Instead of providing a prompt directly you can use the auto-prompting features by providing the necessary information. For bikes you need to provide the desired location, the index of the bike and a path to the datasheet. For cars you will have to provide the desired new location, the car manufacturer and car type. For products only the new location and a product type is required.

For further options and insertion into a given background consult the full CLI documentation below.

Instead of using the CLI, you may integrate the procedure into your code with this python function (again make sure to have all dependencies installed and copy the utils module to your project):

from utils import get_mask_from_image, sd_inpainting, sd_img2img, paste_image

def insert_diffusion(image: Image, mask_threshold: int, prompt: str, negative_prompt: str, img2img_model: str, inpainting_model: str, img2img_strength: float, inpainting_steps: int, inpainting_guidance: float, img2img_guidance: float, background_image: Image=None, composition_strength: float=1) -> Image:
    mask = get_mask_from_image(image, mask_threshold)
    
    if background_image is not None:
        image = paste_image(image, background_image)

    inpainted = sd_inpainting(inpainting_model, image, mask, prompt, negative_prompt, inpainting_guidance, inpainting_steps, inpainting_strength=composition_strength)
    result = sd_img2img(img2img_model, inpainted, prompt, negative_prompt, img2img_strength, img2img_guidance)
    return result

Point mode

We implemented an additional method to generate Biked images from point clouds and then insert them into a background. This method does not work well, however, and is, therefore, not central to our research. The generation from point clouds was implementation by Ioan-Daniel Craciun and is based upon a DDPM/DDIM implemented and trained by Jiajae Fan.

To create images from point clouds remove the --image argument from your CLI call. In point mode you have to provide a datasheet path via --datasheet_path.

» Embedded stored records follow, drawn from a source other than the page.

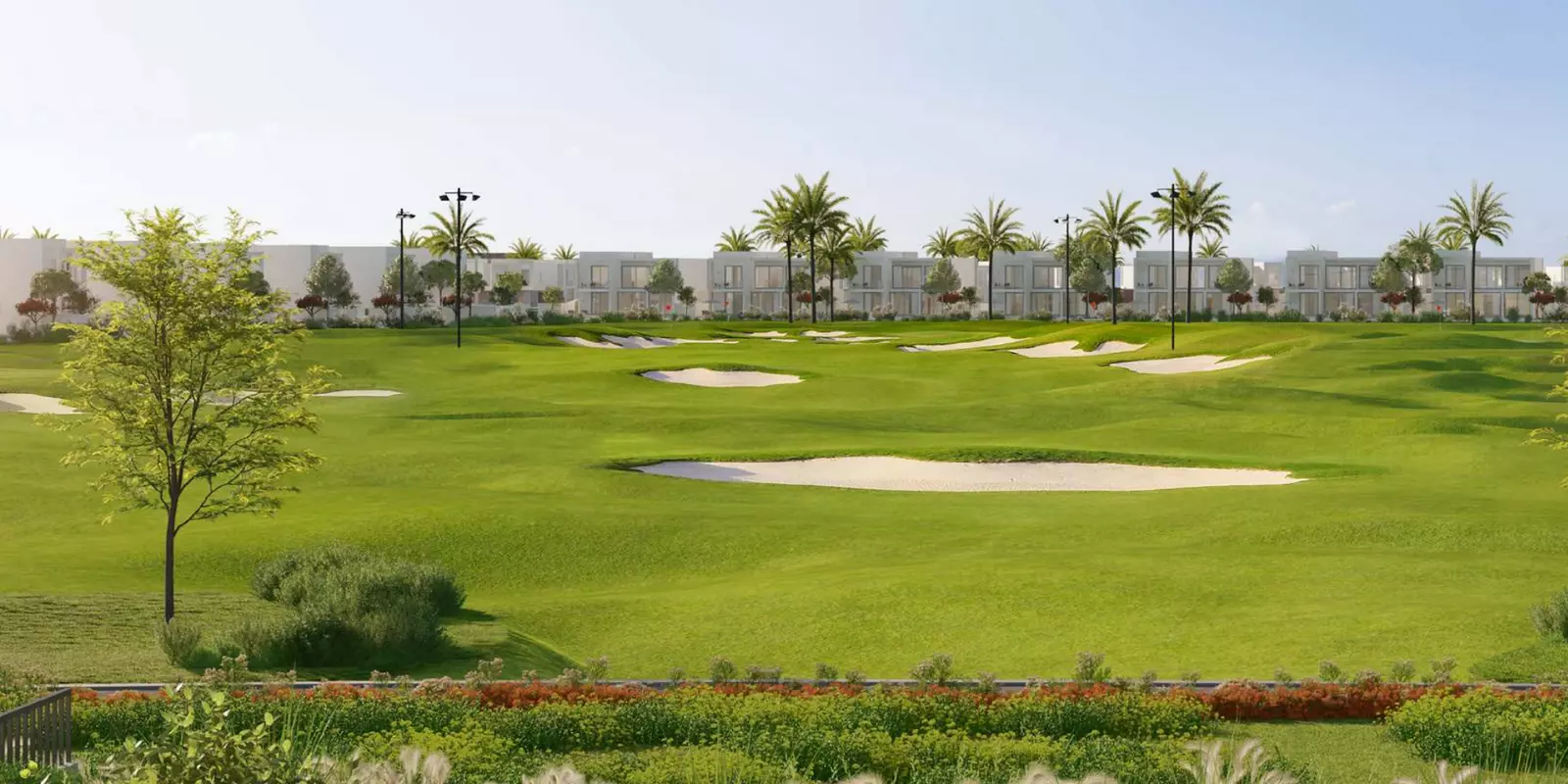 Fairway Villas 2 at Emaar South by Emaar Properties
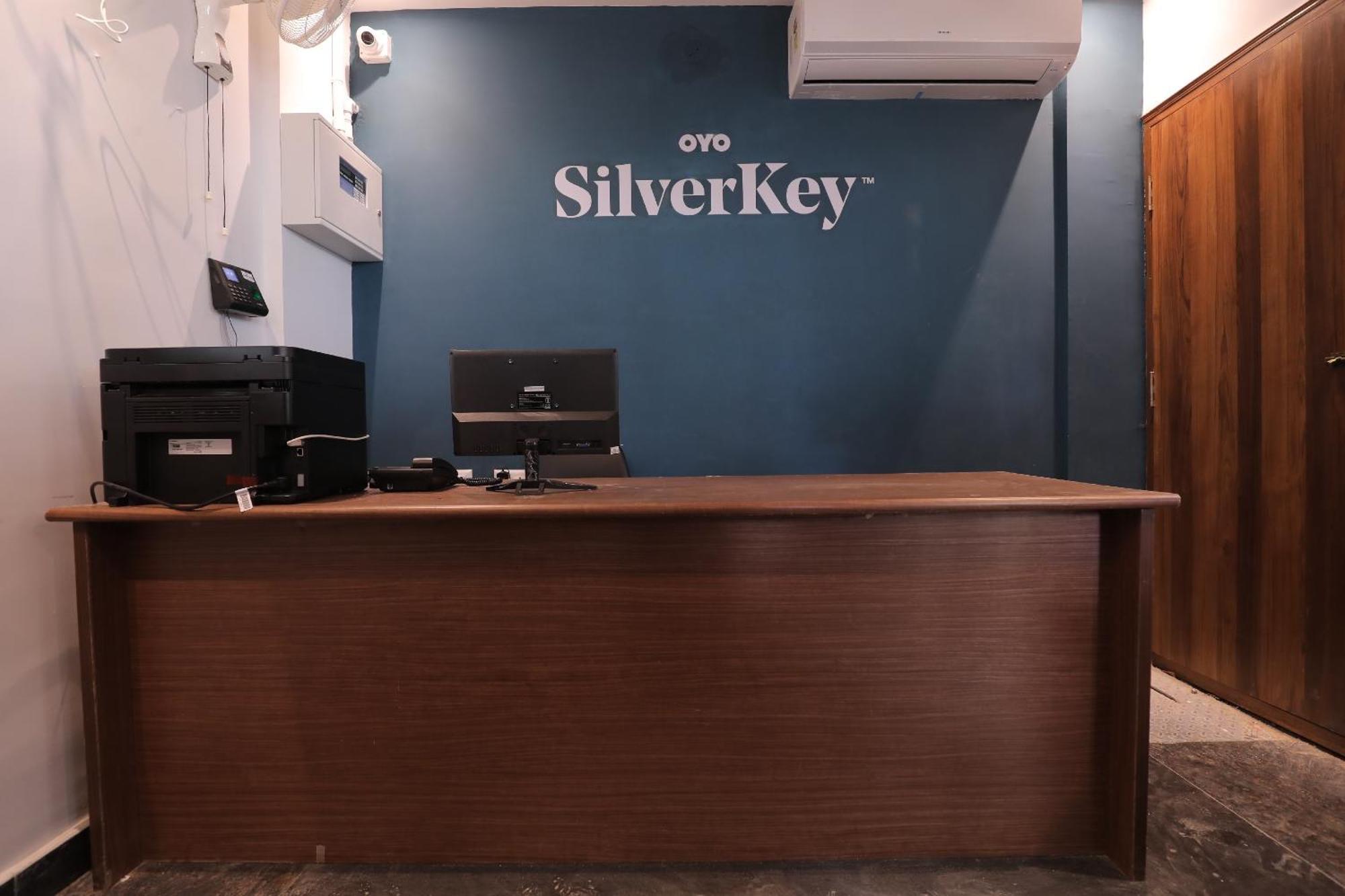 Silverkey Executive Stay Yelahanka Eksteriør billede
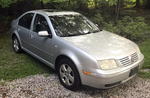 2004 VOLKSWAGEN JETTA Auction Photo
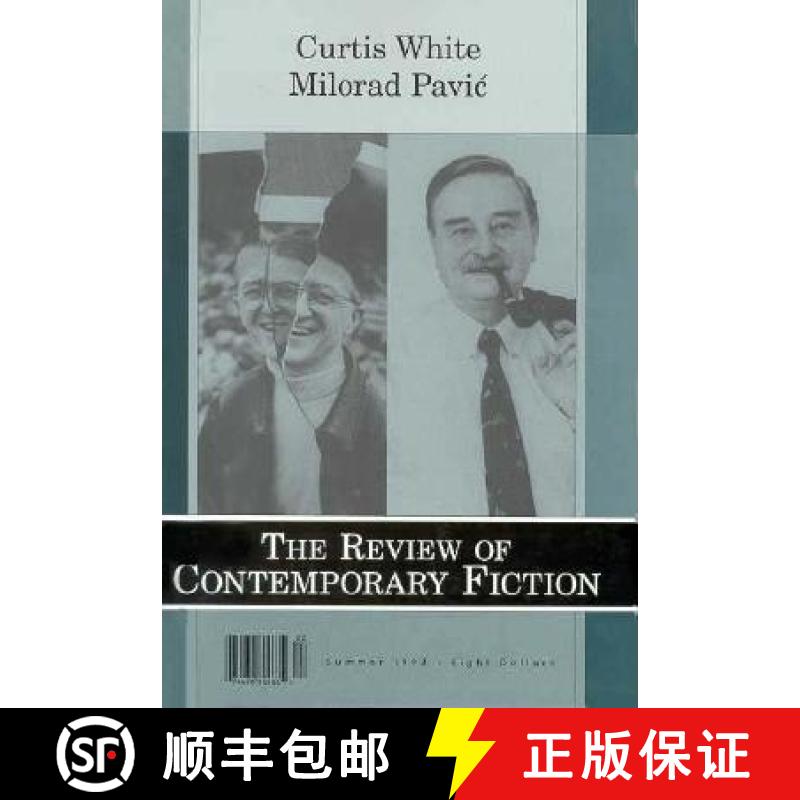 【3-4周达】Curtis White/Milorad Pavić, Vol. 18, No. 2 [9781564781918]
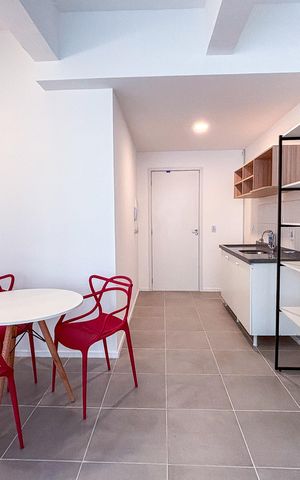 Apartamento para alugar com 52m², 2 quartos e sem vaga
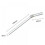 Glass Straws Set Borosilicate 5 Pcs 2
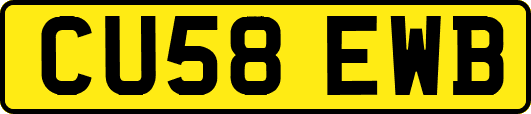 CU58EWB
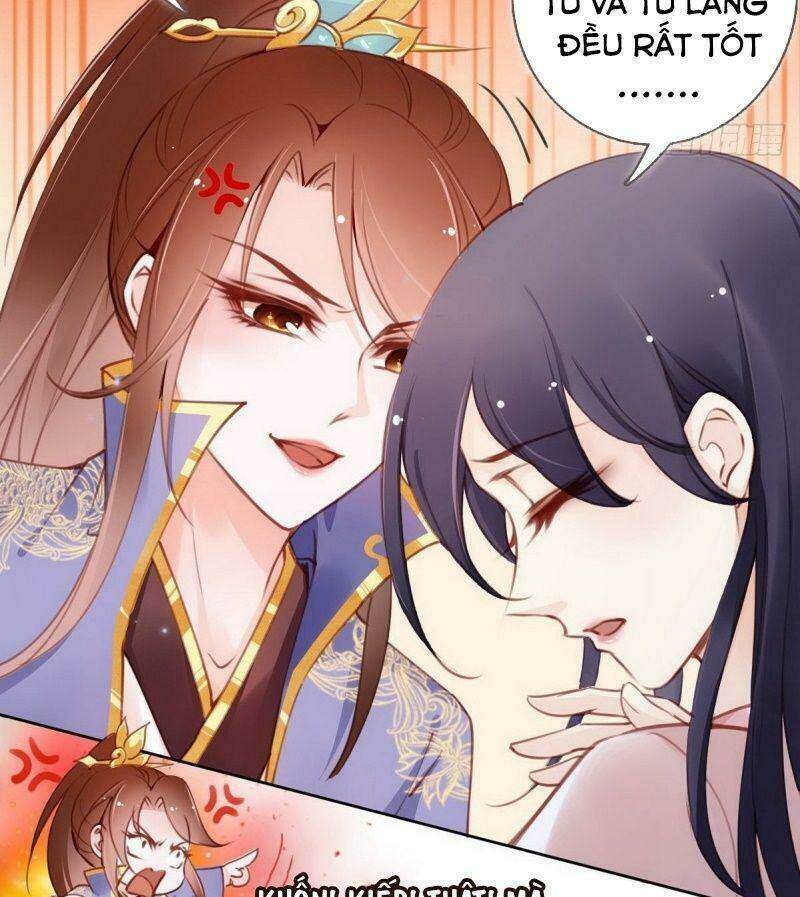 Nàng Trở Thành Bạch Nguyệt Quang Của Vương Gia Bệnh Kiều: Chapter 8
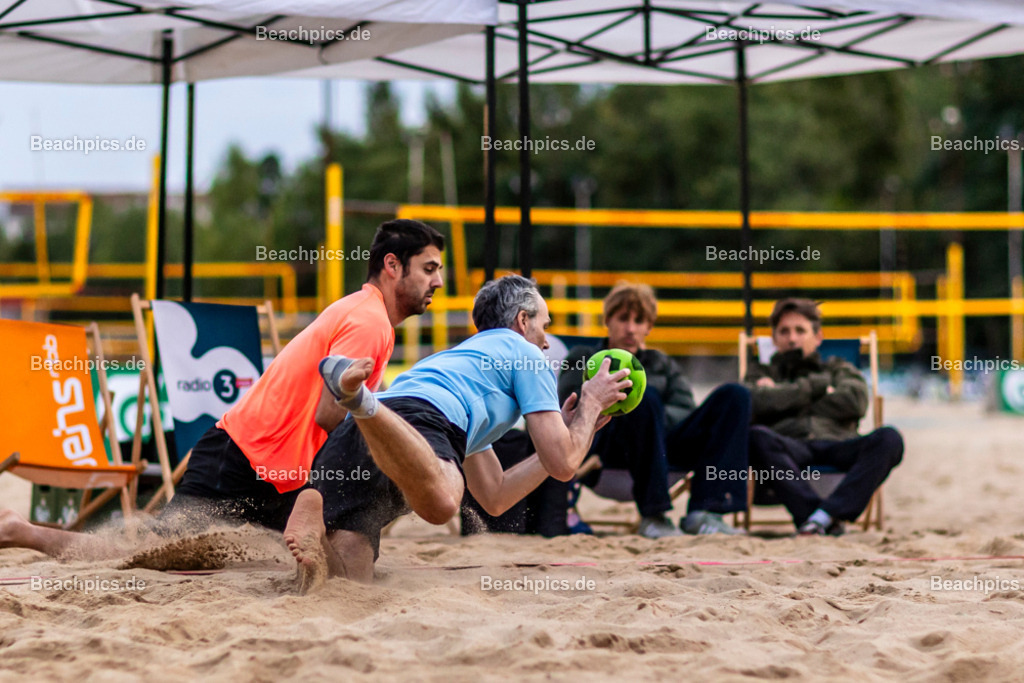 2025-200086853-Strandvölkerball-WM |  24.08.2025; Berlin Foto: Gerold Rebsch - www.beachpics.de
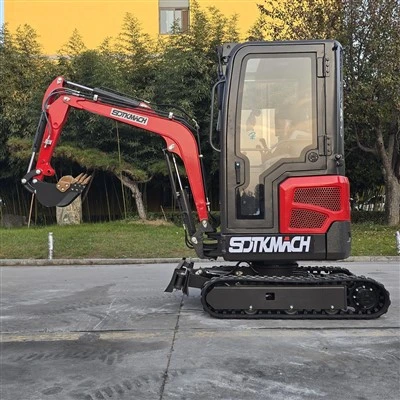 1500kg Mini Hydraulic Excavator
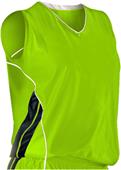 Alleson 554WY Girl's Athletic Jerseys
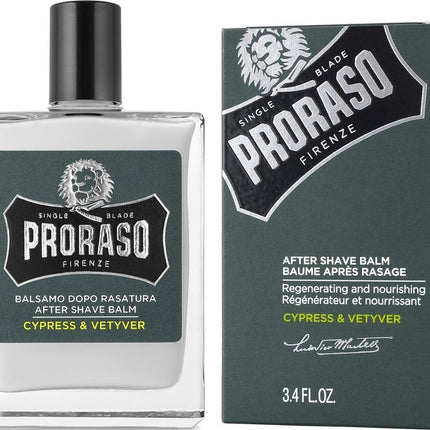 Proraso Proraso Crypres & Vetiver Aftershave Balm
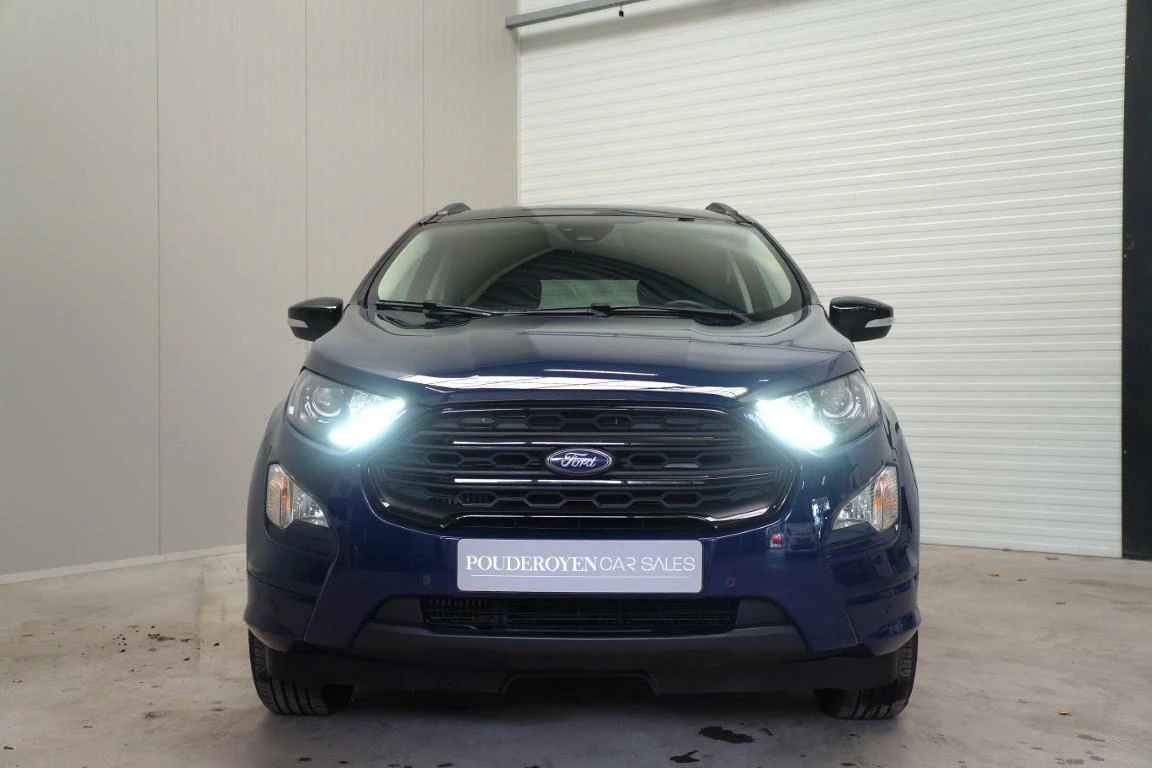 Hoofdafbeelding Ford EcoSport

Thus, the minimal CLI command becomes:

python main.py --point --datasheet_path "<path to datasheet>" --background_prompt "<your prompt>"

You may also use auto-prompting in point mode.

To integrate the generation of bikes from point clouds into your project copy the utils folder and use the following function:

from utils import get_mask_and_background
from utils import inpaint as bike_inpainting

def bike_diffusion(parameter_csv_path: str, device: torch.device, ckpt_id: str='29000', mask_dilation: int=5, mask_fill_holes: bool=True, bike_idx: int=0, wheel_design_type: int=0, width: int=256, height: int=256):
    assert wheel_design_type == 0 or wheel_design_type == 1
    mask, background = get_mask_and_background(parameter_csv_path, bike_idx, wheel_design_type, width, height)
    bike_img = bike_inpainting(background, mask, device, 50, ckpt_id, mask_dilation, mask_fill_holes)
    return bike_img.convert('RGB')

The image returned by this function is ready to be used for colorization or insertion.

Colorization

If you are using an uncolored image add --colorize to one of the previous CLI calls. In addition, you need to provide a colorization prompt via --colorization_prompt or use auto-prompting by providing a color via --color.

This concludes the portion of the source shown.